BERLIN • Germany's Lower House of Parliament yesterday approved government plans to join the military campaign in Syria against Islamic State in Iraq and Syria (ISIS), answering France's appeal for help following the deadly Paris attacks.
The House agreed yesterday to a mandate for the deployment of Tornado reconnaissance jets, a frigate and up to 1,200 troops, by an overwhelming majority of 445 votes in favour and 146 against.
The green light for a mission that could become Germany's largest deployment abroad comes three weeks after militants killed 130 people in attacks in Paris. The atrocities prompted France to invoke a clause requiring European Union states to provide military assistance to wipe out ISIS.
Britain joined the United States- led bombing campaign over Syria on Thursday, striking an ISIS-held oilfield.
LEGALLY SOLID MANOEUVRE
The Germans can be certain that the deployment to Syria violates neither international law nor the Constitution. We must stop this terrorist gang of murderers. That will not be achieved with military action alone, but neither would it be achieved without.
HEIKO MAAS, Germany's Justice Minister
After repeatedly ruling out the use of "boots on the ground", US President Barack Obama also agreed to send as many as 100 special forces to Iraq, with a mandate to carry out raids inside Syria.
A broad coalition of 60 countries has been battling ISIS since August last year, although involvement in Syria has been more limited. Some Western nations have been wary that military action could actually end up serving President Bashar al-Assad's regime, which they view as no longer legitimate.
Nevertheless, reticence seems to have melted away since the Paris attacks. Even in Germany, where there has traditionally been reluctance to engage in military missions abroad, the government's decision to take direct action in Syria has been met largely with support.
An opinion poll in Die Welt newspaper yesterday showed broad public backing - 58 per cent of the people surveyed said they were for the move; 37 per cent were against it.
The support came even though 63 per cent felt the risk of a terror attack at home would rise as a result of German military involvement in Syria.
Germany will not join countries such as Britain, France, the US and Russia in conducting airstrikes.
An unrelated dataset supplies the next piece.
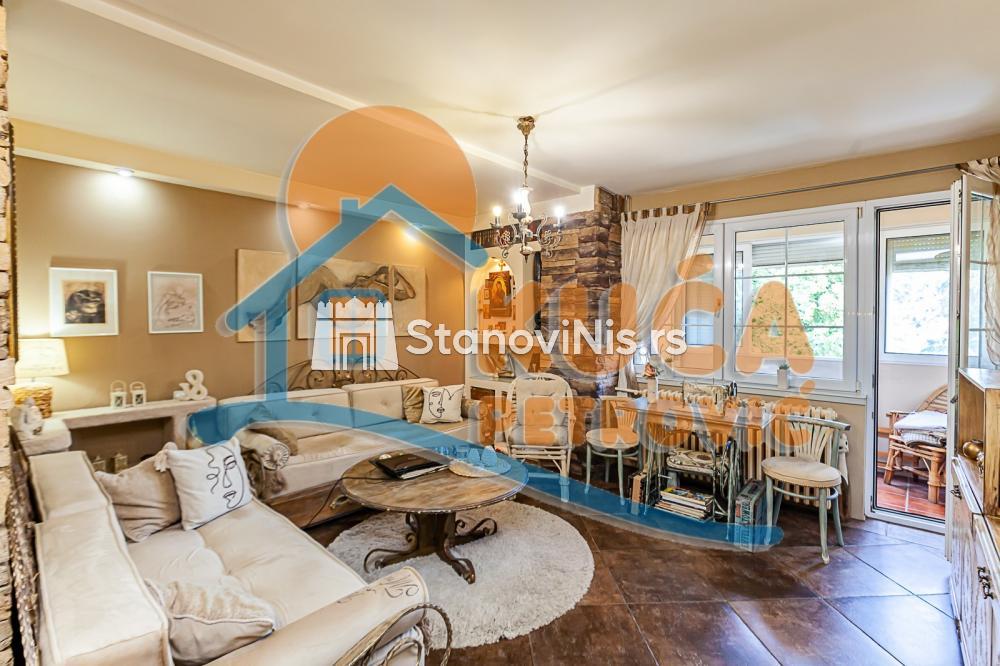 Slika 1 - Stan u zgradi, uknjižen, centralno grejanje, oglas ID p-011452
Justice Minister Heiko Maas said the case for deployment was watertight legally.
"The Germans can be certain that the deployment to Syria violates neither international law nor the Constitution," he told the Tagesspiegel daily yesterday. "We must stop this terrorist gang of murderers. That will not be achieved with military action alone, but neither would it be achieved without."
The package approved by Parliament includes six Tornado aircraft that have no offensive fighter capability and specialise in air-to- ground reconnaissance.
A German frigate will be deployed to protect the Charles de Gaulle, from which French fighter jets are carrying out bombing runs, and the tanker aircraft could refuel them mid-air to extend their range.
Still, the opposition warned that Germany is being forced to make a weighty decision too hastily.
"We are being made to decide in three days if Germany would once again be dragged into a war. We do not want to be dragged into a war at the speed of a Tornado," the Left party's Petra Sitte told Parliament.
The vote also took place after the German government issued an unusual public rebuke to its own foreign intelligence service over a blunt memo that said Saudi Arabia was playing an increasingly destabilising role in the Middle East.
The intelligence agency's memo risked playing havoc with Berlin's efforts to show solidarity with France and to push forward the tentative talks on how to end the Syrian civil war. The memo was distributed to selected German journalists on Wednesday.